Yazarlar ne yazdıklarını sonradan unutsalar bile, bu görevim sayesinde ben unutmam.
O sayede geçen gün “Tayyip Erdoğan da olmasa köşeler boş
kalacak” tezini işleyen bir yazıya imza atabildim.
Tezim sonradan epey konuşuldu.
Bugün de beni çok şaşırtan medyadaki yeni bir eğilimden söz edeceğim.
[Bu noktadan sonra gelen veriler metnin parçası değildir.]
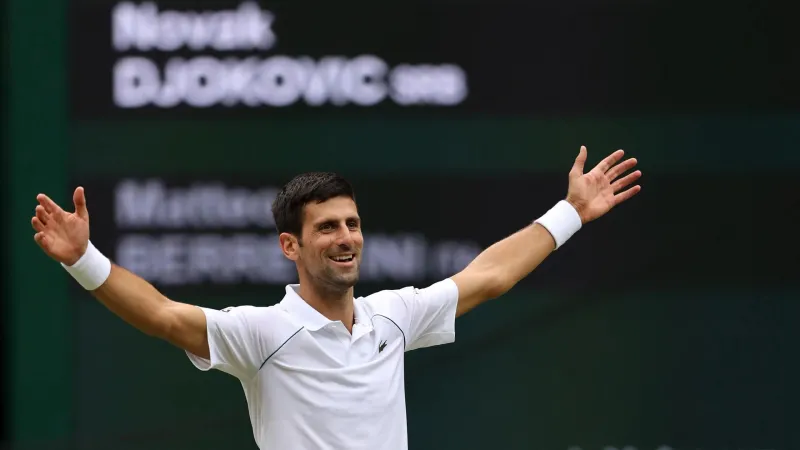 Novak Djokovic QHD Desktop background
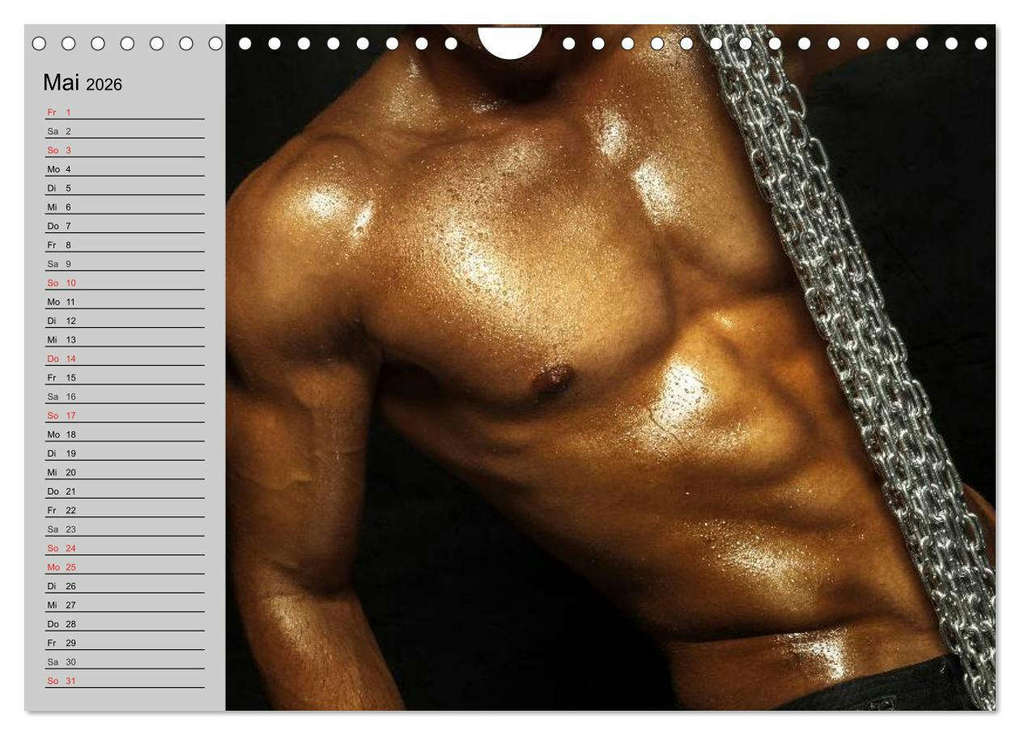 Weitere Ansicht: Erotische Männer. Adonis und Co. (Wandkalender 2026 DIN A4 quer), CALVENDO Monatskalender | Elisabeth Stanzer, Calvendo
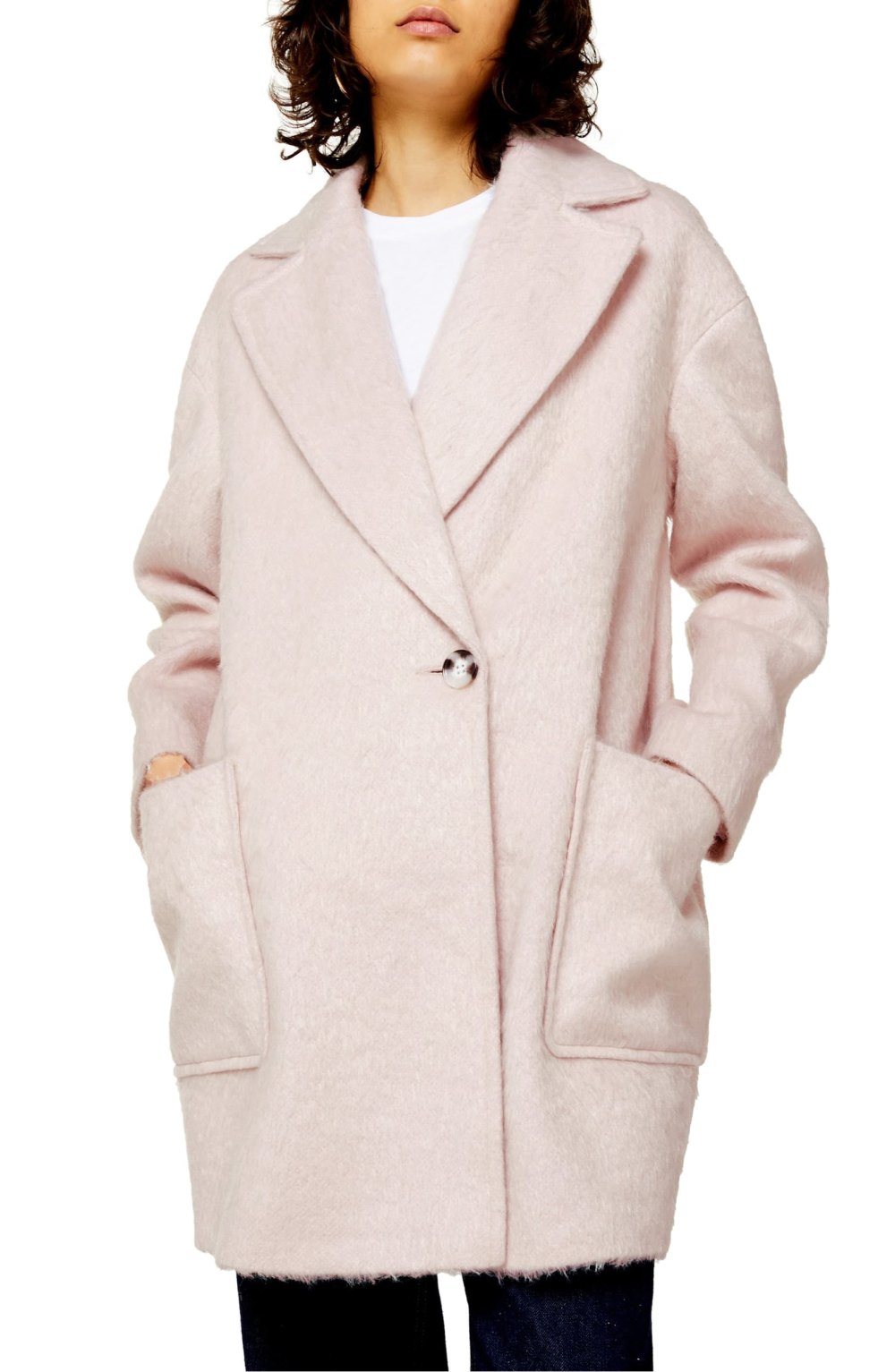 Topshop Carly Coat (Light Pink)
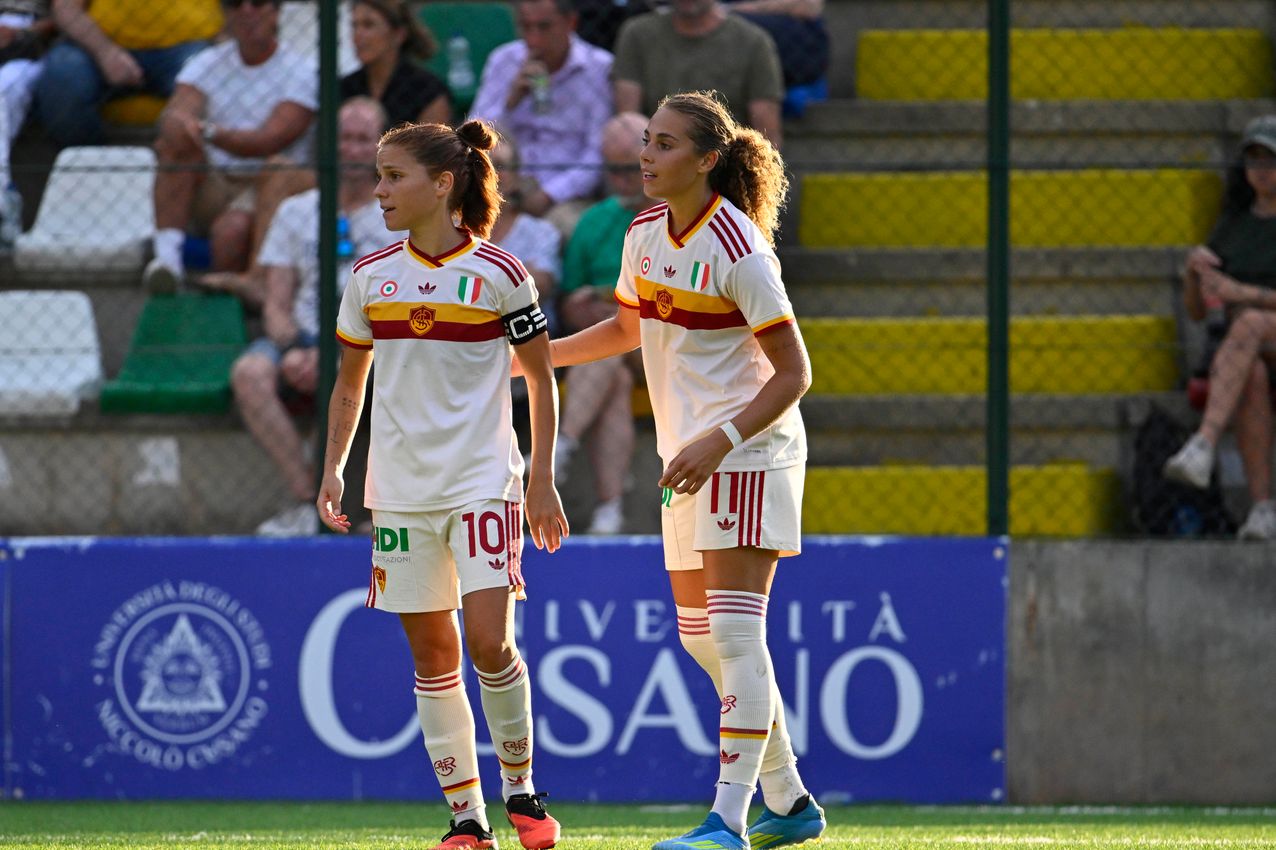 NARNI, ITALY - AUGUST 22:  on August 22, 2026 in Narni, Italy. (Photo by AS Roma/AS Roma via Getty Images)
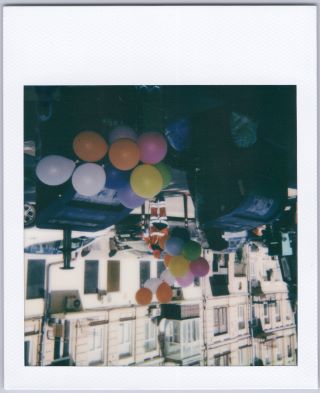 air balls on Polaroid 600 color instant film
Kimi bodozlama yazıyor, kimi kinayeli
Daha önce bu yolu hiç denememiş bazı isimler, ‘dolaylı
anlatım’ veya ‘tersten vuruş’ diyebileceğimiz bir
yönteme başvurur oldular.
Özellikle de parti, hükümet ve külliye çevrelerinin değer verdiği bilinen gazetelerin yazarları.
Hala doğrudan bodozlama yazanlar da var ama.
Bodozlama yazanlar sonunda istedikleri sonucu alıyorlar.
Güçlü çevrelerin beğenisine sahip olan yazarlar şöyle bir yol izliyorlar: İlk olarak bazı isimleri hoş olmayan ifadelerle yazılarına konuk ediyorlar… Öylesine, fazla önem vermezmişcesine… Ardından aynı isimler bir daha bir daha küçümsenen sıfatlar kullanılarak aynı köşelere konuk oluyor… Bazen aynı yerlerden aynı derecede kabul gördüğü bilinen başkalarının da soloyu koroya çevirdiği oluyor…
Kısa süre sonra, bir bakıyorsunuz, hedef seçilen yazar gazetedeki köşesini kaybedivermiş…
TRT’de o uygulama hala devam ediyor mu, bilmiyorum; bir ara Pazar sabahları ‘kovboy filmleri’ yayınlardı TRT…
Kovboylar öldürdükleri kızılderilerinin sayısını tabancalarına çentik atarak tutarlar; kızılderililer ise deri kemerlerini aynı amaçla kullanırlardı.
İstenmeyen yazarları yerlerinden etme konusunda mahir kişinin silahlarında çok sayıda çentik var.